Required work
Reproduce the whole listing word for word. Leave every image out.

Source data
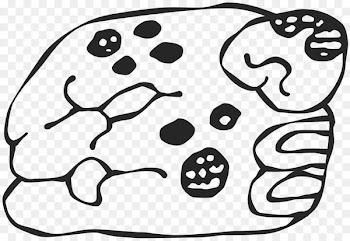 Maya civilization Maya jaguar gods Mesoamerica Symbol - jaguar 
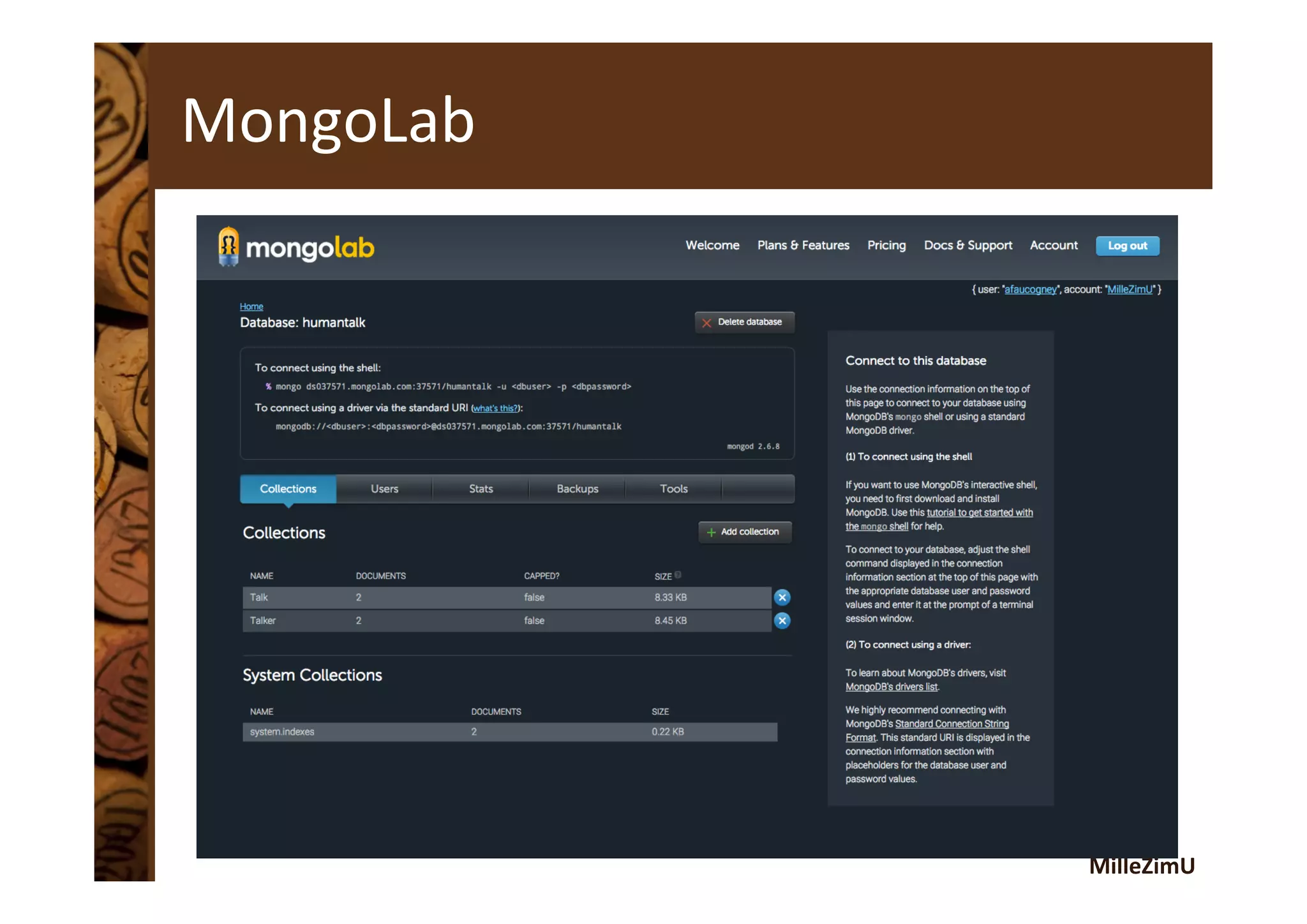MilleZimU	
  
MongoLab	
  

Result of this task
 Maya civilization Maya jaguar gods Mesoamerica Symbol - jaguar 
MilleZimU	
  
MongoLab	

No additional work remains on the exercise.